What am I over looking? Do they make shoes that are intended for longer rides, is the sole stiffness a help or hinderance for longer rides.. What is the most comfortable shoe that you have worn for long rides (+50)

Regards


----------



## Mapei (Feb 3, 2004)

To borrow a line from the Rolling Stones, when it comes to bicycle shoes my feet have been tossed around by every she-rat in this town. I've found that you got to keep trying shoes until you find The Pair. 

As for me, I finally found road shoe nirvana with the Specialized S-Works. A sole rigid enough for me never to feel the cleat pressing up beneath my feet. All I feel is the insole, which happens to be shaped remarkably comfortably for my foot. The sides of the shoes come up far enough to support my foot while never interfering with my ankles. The shoes are generously wide. The hold-down mechanisms allow me to find a near ideal tightness and are easy to loosen when my feet inevitably begin to swell. To be sure, my shoes have several years in them and I don't know if the current ones would be as comfortable for me, but essentially I've stopped shopping. I've found my shoe.


----------



## PoorInRichfield (Nov 30, 2013)

I find the OP's problem perplexing. The Giro Empire shoes have carbon soles and it's been my experience having owned several pairs of Giro shoes, that their shoes are top-notch. I'd have a hard time believing that there's somehow a weak spot in the soles (I could be wrong, but...)

Some articles on this topic, like this one, suggest hot spots are caused by:



*Cleats are too far forward.* I always push my cleats as far back as possible to reduce the "lever length" that is my large foot.
*Shoes that are too tight.* This is believable as I've stopped buying Giro shoes because I found the last too narrow for my feet. Do you tighten your shoes down a lot so that your toes can't move? I've been on a quest to find shoes that are wider in the toe area so my toes can wiggle at least a little while the rest of my foot is firmly strapped in.

This article gives "hot foot" a special name, "metatarsalgia", and has multiple things you can try/check to resolve the issue.



> Hot Foot is a common experience to new and sometimes intermediate riders. It is a burning or numbing sensation in one or both feet that prevent a comfortable and efficient pedal stroke. “Hot foot” in cycling, also known as Metatarsalgia, is a condition where the nerves and joint tissues near the ball of your foot are repeatedly squeezed by the long metatarsal bones which run through the feet to the toes. The constant squeezing leads to a pain in the base of the foot. New riding, increasing distance, or poor equipment often contribute to this condition.

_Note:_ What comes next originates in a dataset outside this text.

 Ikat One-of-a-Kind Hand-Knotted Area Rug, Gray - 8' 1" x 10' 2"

Check back here after trying some of the suggested fixes and let us know if you've seen any improvement.


----------



## velodog (Sep 26, 2007)

I've never used Giro shoes but it's my understanding that they run narrow. Maybe something with a wider toe box. I've used Sidi Mega's and have recently been using Bont's and have been happy with them. Their Riot's can be had for around $150, sometimes less, not too pricey to experiment.

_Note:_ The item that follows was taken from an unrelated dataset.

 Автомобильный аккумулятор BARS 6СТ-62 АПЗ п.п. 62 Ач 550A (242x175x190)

https://www.berkeleywellness.com/self-care/article/do-feet-really-get-bigger-age says that feet can grow up to 1/2 size a decade after the age of 40. Don't know your age, but maybe.


----------



## Srode (Aug 19, 2012)

Stiff soles and a good fit definitely help hot spots. I use Shimano shoes all higher end and they are very stiff. Higher end doesn't mean expensive either, I wait till they are on huge sales to buy them, like half or more off normally.


----------



## Jay Strongbow (May 8, 2010)

Don't underestimate the role of having proper insoles. By proper I mean for what the bottom of your feet need.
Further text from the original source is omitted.